- Provided data -
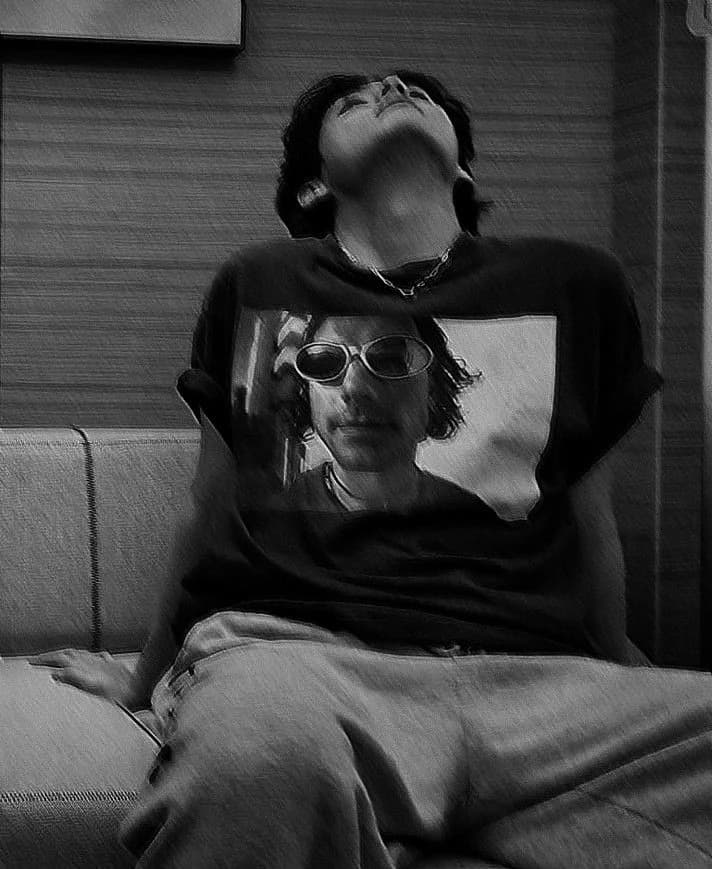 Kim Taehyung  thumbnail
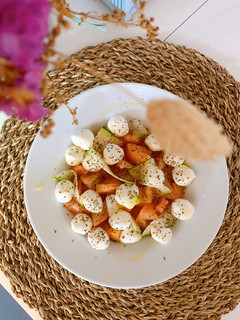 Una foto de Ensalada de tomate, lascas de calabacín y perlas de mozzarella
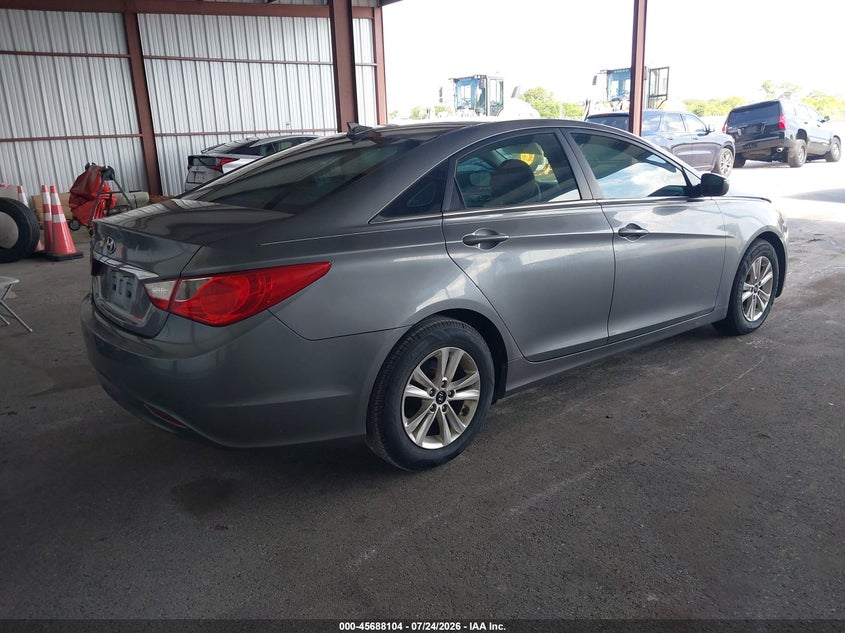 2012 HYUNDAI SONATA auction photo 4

- Required work -
Return the complete material above exactly, with no picture.

- Exercise result -
 Kim Taehyung  thumbnail
 Una foto de Ensalada de tomate, lascas de calabacín y perlas de mozzarella
 2012 HYUNDAI SONATA auction photo 4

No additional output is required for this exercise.